WORK TASK –
Every line of the material below, from the top through the line with "308 1250 Burnaby Street Property Photo 2", should be reproduced exactly.

THE DATA –
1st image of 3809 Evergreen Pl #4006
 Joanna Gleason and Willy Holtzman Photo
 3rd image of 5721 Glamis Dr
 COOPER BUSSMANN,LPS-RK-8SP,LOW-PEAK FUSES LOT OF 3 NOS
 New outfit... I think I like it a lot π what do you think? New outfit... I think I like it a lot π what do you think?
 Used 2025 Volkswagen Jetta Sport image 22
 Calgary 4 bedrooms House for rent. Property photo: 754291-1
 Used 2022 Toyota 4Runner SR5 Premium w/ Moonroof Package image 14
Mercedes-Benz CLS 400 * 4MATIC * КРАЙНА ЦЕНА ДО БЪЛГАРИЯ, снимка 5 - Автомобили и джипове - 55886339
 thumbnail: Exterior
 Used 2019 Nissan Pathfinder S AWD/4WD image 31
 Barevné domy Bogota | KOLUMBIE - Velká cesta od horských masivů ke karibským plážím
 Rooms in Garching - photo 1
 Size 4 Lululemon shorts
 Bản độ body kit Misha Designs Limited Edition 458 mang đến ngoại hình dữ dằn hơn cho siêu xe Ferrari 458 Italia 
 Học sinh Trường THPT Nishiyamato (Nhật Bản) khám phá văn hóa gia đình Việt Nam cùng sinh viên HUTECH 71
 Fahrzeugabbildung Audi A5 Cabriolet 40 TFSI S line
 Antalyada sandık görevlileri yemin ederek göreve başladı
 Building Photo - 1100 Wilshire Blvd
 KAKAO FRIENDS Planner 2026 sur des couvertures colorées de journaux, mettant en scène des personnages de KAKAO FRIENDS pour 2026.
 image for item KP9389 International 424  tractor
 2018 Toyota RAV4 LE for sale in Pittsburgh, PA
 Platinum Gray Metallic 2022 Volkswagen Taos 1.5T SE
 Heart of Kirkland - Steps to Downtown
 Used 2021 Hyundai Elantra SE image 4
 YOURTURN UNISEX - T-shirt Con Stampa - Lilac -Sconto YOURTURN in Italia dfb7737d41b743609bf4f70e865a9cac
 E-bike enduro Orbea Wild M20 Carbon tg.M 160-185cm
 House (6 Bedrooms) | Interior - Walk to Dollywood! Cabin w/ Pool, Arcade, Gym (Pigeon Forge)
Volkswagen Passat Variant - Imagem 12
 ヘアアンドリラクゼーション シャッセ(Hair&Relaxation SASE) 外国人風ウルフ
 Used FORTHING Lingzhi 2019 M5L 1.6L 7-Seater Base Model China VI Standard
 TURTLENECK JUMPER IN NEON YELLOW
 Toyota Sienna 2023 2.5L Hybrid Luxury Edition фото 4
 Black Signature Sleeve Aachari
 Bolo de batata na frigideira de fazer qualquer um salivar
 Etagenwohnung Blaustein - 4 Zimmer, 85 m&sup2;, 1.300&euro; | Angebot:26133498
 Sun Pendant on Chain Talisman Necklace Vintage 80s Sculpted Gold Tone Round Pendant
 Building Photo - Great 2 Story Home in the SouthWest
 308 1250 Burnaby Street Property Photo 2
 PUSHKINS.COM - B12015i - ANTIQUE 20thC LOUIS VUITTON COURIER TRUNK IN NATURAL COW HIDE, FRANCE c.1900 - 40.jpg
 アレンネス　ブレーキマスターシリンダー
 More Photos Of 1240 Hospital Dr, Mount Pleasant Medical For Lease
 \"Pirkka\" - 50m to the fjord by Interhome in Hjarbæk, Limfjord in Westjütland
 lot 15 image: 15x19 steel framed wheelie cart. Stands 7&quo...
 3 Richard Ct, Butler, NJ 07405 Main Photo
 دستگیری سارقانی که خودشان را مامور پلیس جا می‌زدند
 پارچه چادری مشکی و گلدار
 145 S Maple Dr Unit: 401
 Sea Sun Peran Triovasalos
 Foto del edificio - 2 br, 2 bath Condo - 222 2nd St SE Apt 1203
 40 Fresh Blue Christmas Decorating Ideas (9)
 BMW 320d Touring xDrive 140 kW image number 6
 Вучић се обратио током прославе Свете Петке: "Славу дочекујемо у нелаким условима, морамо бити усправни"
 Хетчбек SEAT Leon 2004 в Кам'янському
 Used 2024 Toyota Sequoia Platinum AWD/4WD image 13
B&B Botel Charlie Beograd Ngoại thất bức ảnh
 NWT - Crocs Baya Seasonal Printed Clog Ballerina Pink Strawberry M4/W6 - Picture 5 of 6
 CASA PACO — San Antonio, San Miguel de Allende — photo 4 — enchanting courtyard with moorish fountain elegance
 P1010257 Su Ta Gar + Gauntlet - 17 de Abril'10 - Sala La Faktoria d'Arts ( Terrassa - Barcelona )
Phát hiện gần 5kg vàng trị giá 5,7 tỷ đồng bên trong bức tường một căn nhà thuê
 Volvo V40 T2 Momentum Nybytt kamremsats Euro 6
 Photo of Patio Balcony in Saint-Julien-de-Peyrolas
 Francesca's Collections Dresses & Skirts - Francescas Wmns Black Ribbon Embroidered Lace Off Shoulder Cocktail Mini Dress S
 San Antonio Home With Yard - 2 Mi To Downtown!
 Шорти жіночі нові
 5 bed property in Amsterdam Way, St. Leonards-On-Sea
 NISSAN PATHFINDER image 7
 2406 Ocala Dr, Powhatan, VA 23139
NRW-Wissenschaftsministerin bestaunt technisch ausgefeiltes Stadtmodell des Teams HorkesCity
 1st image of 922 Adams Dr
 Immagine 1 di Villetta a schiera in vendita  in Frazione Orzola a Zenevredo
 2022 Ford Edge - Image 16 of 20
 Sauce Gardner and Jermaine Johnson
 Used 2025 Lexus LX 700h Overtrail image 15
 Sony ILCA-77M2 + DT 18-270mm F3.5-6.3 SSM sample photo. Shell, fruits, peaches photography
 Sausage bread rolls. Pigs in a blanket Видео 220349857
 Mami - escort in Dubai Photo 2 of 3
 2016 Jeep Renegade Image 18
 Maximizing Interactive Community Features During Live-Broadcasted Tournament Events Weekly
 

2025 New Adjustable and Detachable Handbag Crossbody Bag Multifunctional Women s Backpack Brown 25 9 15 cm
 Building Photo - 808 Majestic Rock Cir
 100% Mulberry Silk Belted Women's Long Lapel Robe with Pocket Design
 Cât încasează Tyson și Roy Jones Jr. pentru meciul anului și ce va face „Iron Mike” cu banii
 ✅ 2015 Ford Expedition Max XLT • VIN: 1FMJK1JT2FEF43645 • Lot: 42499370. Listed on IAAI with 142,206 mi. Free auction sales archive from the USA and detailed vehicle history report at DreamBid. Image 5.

RESPONSE TO THIS TASK –
1st image of 3809 Evergreen Pl #4006
 Joanna Gleason and Willy Holtzman Photo
 3rd image of 5721 Glamis Dr
 COOPER BUSSMANN,LPS-RK-8SP,LOW-PEAK FUSES LOT OF 3 NOS
 New outfit... I think I like it a lot π what do you think? New outfit... I think I like it a lot π what do you think?
 Used 2025 Volkswagen Jetta Sport image 22
 Calgary 4 bedrooms House for rent. Property photo: 754291-1
 Used 2022 Toyota 4Runner SR5 Premium w/ Moonroof Package image 14
Mercedes-Benz CLS 400 * 4MATIC * КРАЙНА ЦЕНА ДО БЪЛГАРИЯ, снимка 5 - Автомобили и джипове - 55886339
 thumbnail: Exterior
 Used 2019 Nissan Pathfinder S AWD/4WD image 31
 Barevné domy Bogota | KOLUMBIE - Velká cesta od horských masivů ke karibským plážím
 Rooms in Garching - photo 1
 Size 4 Lululemon shorts
 Bản độ body kit Misha Designs Limited Edition 458 mang đến ngoại hình dữ dằn hơn cho siêu xe Ferrari 458 Italia 
 Học sinh Trường THPT Nishiyamato (Nhật Bản) khám phá văn hóa gia đình Việt Nam cùng sinh viên HUTECH 71
 Fahrzeugabbildung Audi A5 Cabriolet 40 TFSI S line
 Antalyada sandık görevlileri yemin ederek göreve başladı
 Building Photo - 1100 Wilshire Blvd
 KAKAO FRIENDS Planner 2026 sur des couvertures colorées de journaux, mettant en scène des personnages de KAKAO FRIENDS pour 2026.
 image for item KP9389 International 424  tractor
 2018 Toyota RAV4 LE for sale in Pittsburgh, PA
 Platinum Gray Metallic 2022 Volkswagen Taos 1.5T SE
 Heart of Kirkland - Steps to Downtown
 Used 2021 Hyundai Elantra SE image 4
 YOURTURN UNISEX - T-shirt Con Stampa - Lilac -Sconto YOURTURN in Italia dfb7737d41b743609bf4f70e865a9cac
 E-bike enduro Orbea Wild M20 Carbon tg.M 160-185cm
 House (6 Bedrooms) | Interior - Walk to Dollywood! Cabin w/ Pool, Arcade, Gym (Pigeon Forge)
Volkswagen Passat Variant - Imagem 12
 ヘアアンドリラクゼーション シャッセ(Hair&Relaxation SASE) 外国人風ウルフ
 Used FORTHING Lingzhi 2019 M5L 1.6L 7-Seater Base Model China VI Standard
 TURTLENECK JUMPER IN NEON YELLOW
 Toyota Sienna 2023 2.5L Hybrid Luxury Edition фото 4
 Black Signature Sleeve Aachari
 Bolo de batata na frigideira de fazer qualquer um salivar
 Etagenwohnung Blaustein - 4 Zimmer, 85 m&sup2;, 1.300&euro; | Angebot:26133498
 Sun Pendant on Chain Talisman Necklace Vintage 80s Sculpted Gold Tone Round Pendant
 Building Photo - Great 2 Story Home in the SouthWest
 308 1250 Burnaby Street Property Photo 2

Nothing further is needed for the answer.